Quante volte abbiamo sentito degli insegnanti lamentarsi del fatto che i propri alunni fossero poco curiosi? O forse dà loro fastidio che siano troppo curiosi, inafferrabili? L’esperienza di venti e più fantasmi in un’aula, incluso quello dell’insegnante, è una tempesta e un arcobaleno di spiriti. E lo spirito, ci ricorda Alessandra Pantano, «non è una cera molle. È invece una sostanza reattiva. Non può non esserci il desiderio di saperne, di saperne meglio e diversamente: la curiosità c’è ed è immensa» (ivi, p. 49). Curiosità e immensità, con questo abbiamo a che fare ogni giorno, a scuola. E non dobbiamo stimolarla, la curiosità. Così come con l’amore, se si pretende di suscitarla, appassisce e muore. Bisogna solo creare a questa immensa curiosità l’ambiente adatto per fare la propria magia. Non ci riusciremo mai con le tecniche o le metodologie, per quanto utili e ben congegnate. È nel preciso momento in cui le lasciamo andare, che l’immenso entra dalla finestra e diventa un’ora di lezione.

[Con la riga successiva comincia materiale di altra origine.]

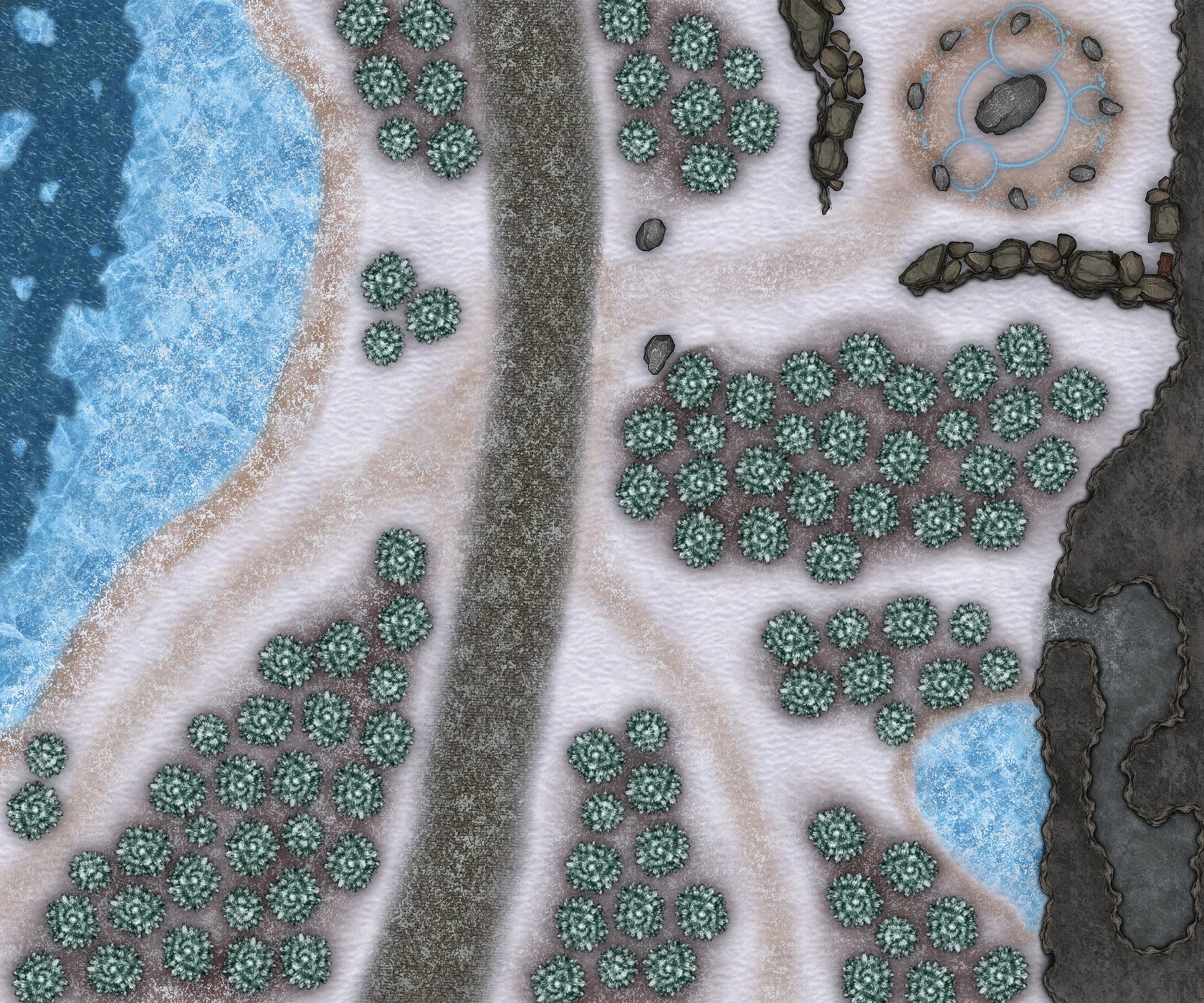 Snow covered road with Rune stone circle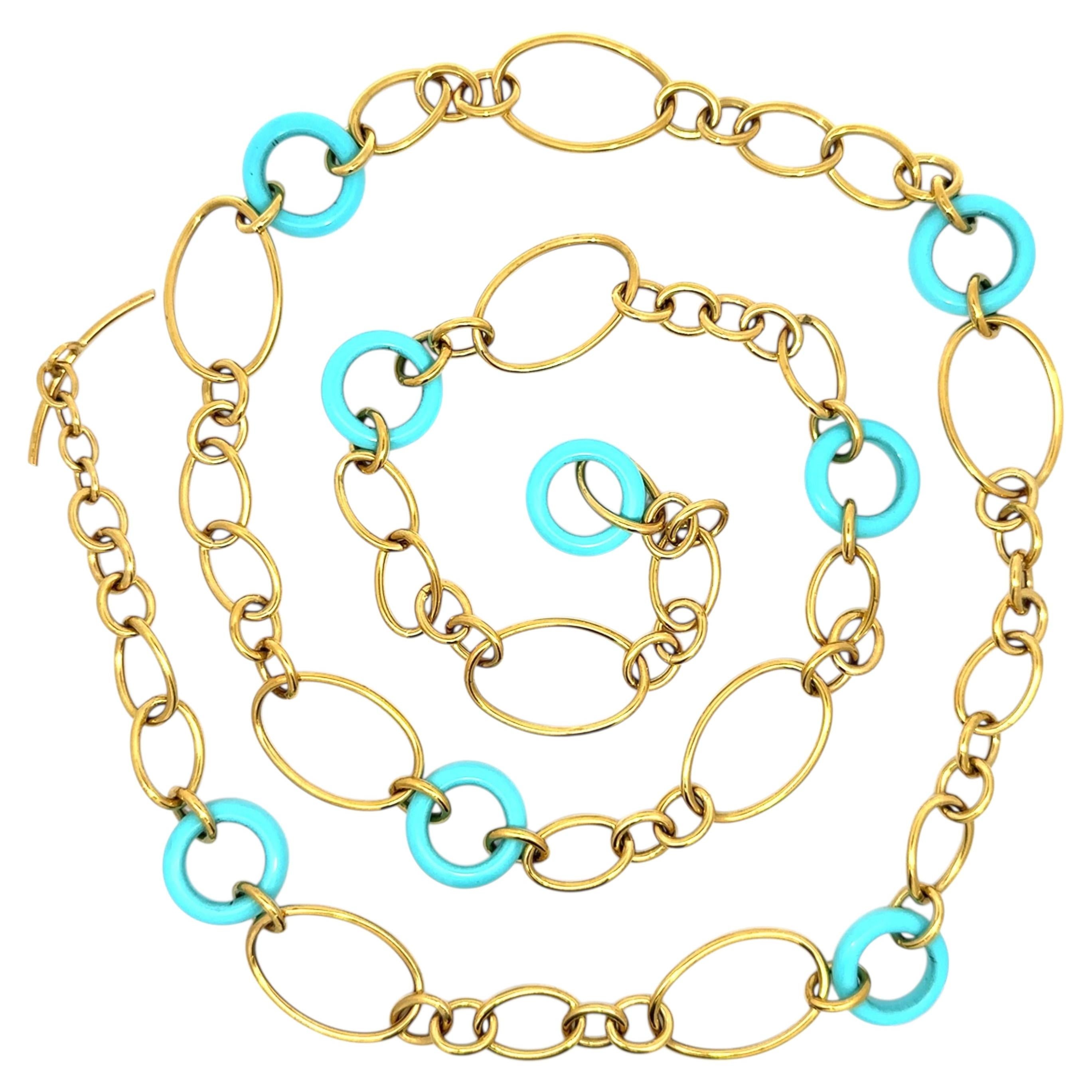 Pre-owned Faraone Mennella 18k Gold Long Open Link Necklace Round Ring Turquoise Stations In Multiple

Non si tratta, ci rammenta Gianluca Solla, di sforzarsi di tenere gli allievi e le allieve concentrati (“Attenti, ragazzi!”). L’attenzione, compagna di banco della curiosità, è legata all’attesa, al tendere verso qualcosa, al desiderare qualcosa, tanto da prendersene cura (per riprendere con Solla la tesi di Bernard Stiegler), andando alla rovescia rispetto all’affanno da iper-stimolazione post-moderna, che ha invaso, ovviamente, anche la scuola – è la tragica lezione di Mark Fisher. L’attenzione non coincide col tempo della performance, ma è il tempo di un’attesa, è la preparazione a un «“desiderio” di infinito: preparazione paradossale perché per l’infinito non c’è ovviamente nessuna preparazione possibile» (ivi, p. 88).

Forse nient’altro che questo potremmo fare a scuola con i nostri studenti: attendere insieme l’infinito, per sottrarre le parole e le cose al consumo e restituirle all’inesauribilità del desiderio. A scuola potremmo trovare, al di qua e al di là del “mordi e fuggi” del mondo ipermoderno con le sue richieste incessanti e pressanti, il tempo di aspettare l’infinito, il modo di abitare il tempo in un altro modo. La scuola è il luogo dove immaginare un altro rapporto con il futuro, dove sentire che il futuro non tanto e non solo va progettato, va soprattutto sognato.

Riferimenti bibliografici
M. Recalcati, L’ora di lezione. Per un’erotica dell’insegnamento, Einaudi, Torino 2014.

Alessandra Pantano, Gianluca Solla, a cura di, Scuola. Filosofia di un mondo, Cronopio, Napoli 2023.